September 16, 2013

John Lennon Reveals Torture of Beatles 'Let It Be' Album In Tape-recorded Interview Now Up For Auction


                                                                   

                                                                    
                                                                    

                                                                      


RECORDING their 12th and last studio album was nothing short of "torture" for The Beatles, said John Lennon in a tape-recorded interview coming up for auction this month. 
The Fab Four had just completed Let It Be in 1969, but had yet to break up, when Lennon and wife Yoko Ono sat down in Toronto with radio DJ and Village Voice critic Howard Smith for an hour-long interview.

"We were going through hell. We often do. It's torture every time we produce anything,'' Lennon revealed.

"The Beatles haven't got any magic you haven't got. We suffer like hell anytime we make anything, and we got each other to contend with. Imagine working with the Beatles, it's tough,'' he said.

"There's just tension. It's tense every time the red light (in the recording studio) goes on.''

Released in May 1970, and ranked by Rolling Stone magazine as one of the 500 greatest albums of all time, Let It Be was largely recorded in London in 1969 to complement a film of the same name.

Its title track and 'The Long and Winding Road' endure as two of the Beatles' most memorable songs.

But for Lennon, who was murdered in New York in 1980, Let It Be was a "strange album'' that reflected the friction that had grown between himself and band mates Paul McCartney, George Harrison and Ringo Starr.

"We never really finished it. We didn't really want to do it. Paul was hustling for us to do it. It's the Beatles with their suits off,'' he said.
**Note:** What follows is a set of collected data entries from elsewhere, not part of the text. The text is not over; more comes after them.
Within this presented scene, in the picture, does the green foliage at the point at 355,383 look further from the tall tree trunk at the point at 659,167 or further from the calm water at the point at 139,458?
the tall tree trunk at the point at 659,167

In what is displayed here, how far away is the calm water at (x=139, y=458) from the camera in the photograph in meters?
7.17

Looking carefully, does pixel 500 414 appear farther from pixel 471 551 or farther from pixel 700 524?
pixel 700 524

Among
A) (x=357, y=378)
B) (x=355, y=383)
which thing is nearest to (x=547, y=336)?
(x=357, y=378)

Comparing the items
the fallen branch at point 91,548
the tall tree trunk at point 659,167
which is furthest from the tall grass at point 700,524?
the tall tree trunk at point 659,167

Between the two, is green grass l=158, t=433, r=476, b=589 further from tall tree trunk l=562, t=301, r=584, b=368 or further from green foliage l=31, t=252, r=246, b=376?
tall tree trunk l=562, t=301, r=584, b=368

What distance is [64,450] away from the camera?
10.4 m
New Hampshire auction house RR Auction said the hour-long interview over two audio tape reels had lain forgotten for nearly four decades in a crate at the rear of Smith's loft in New York.

"It's a frank and honest interview from one of the most revered musicians and activists of all time,'' RR Auction vice president Bobby Livingston said on Thursday.

The recording is among more than 100 Beatles-related items folded into a larger 'Marvels of Modern Music' memorabilia auction that runs from September 19 through September 26 online at www.rrauction.com.

It has an initial minimum bid listed at $US300 ($330), but Livingston estimated it could sell for between $US5000 and $US10,000.